> **Data**
'''

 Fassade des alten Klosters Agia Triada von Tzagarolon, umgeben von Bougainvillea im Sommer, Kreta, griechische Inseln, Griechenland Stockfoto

'''
'''

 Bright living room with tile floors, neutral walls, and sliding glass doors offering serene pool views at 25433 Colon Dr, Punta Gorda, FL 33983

'''
'''

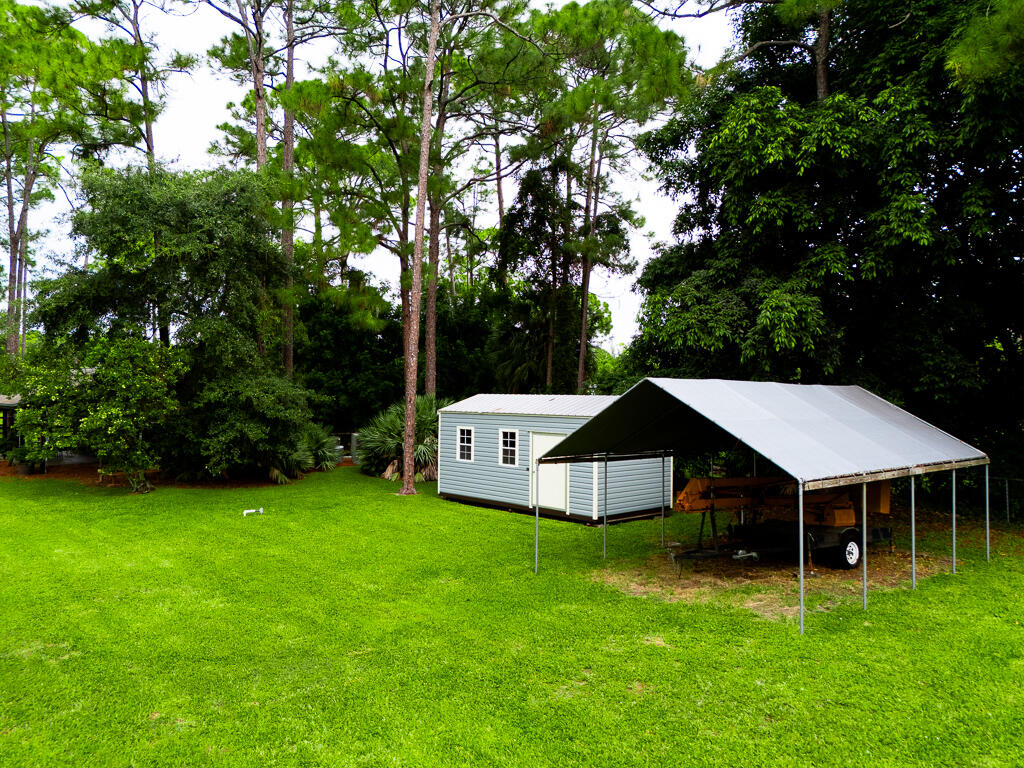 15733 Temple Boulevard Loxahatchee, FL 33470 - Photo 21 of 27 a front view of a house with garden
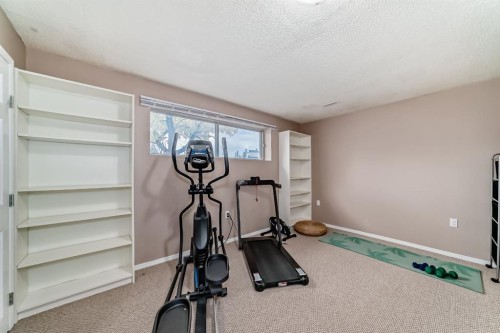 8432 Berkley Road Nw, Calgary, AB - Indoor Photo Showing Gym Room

'''

> **Work required**
The stretch to restate runs from the line above containing "15733 Temple Boulevard" through the line containing "8432 Berkley Road". Copy it word for word, ends included, without pictures.

> **Your solution**
 15733 Temple Boulevard Loxahatchee, FL 33470 - Photo 21 of 27 a front view of a house with garden
 8432 Berkley Road Nw, Calgary, AB - Indoor Photo Showing Gym Room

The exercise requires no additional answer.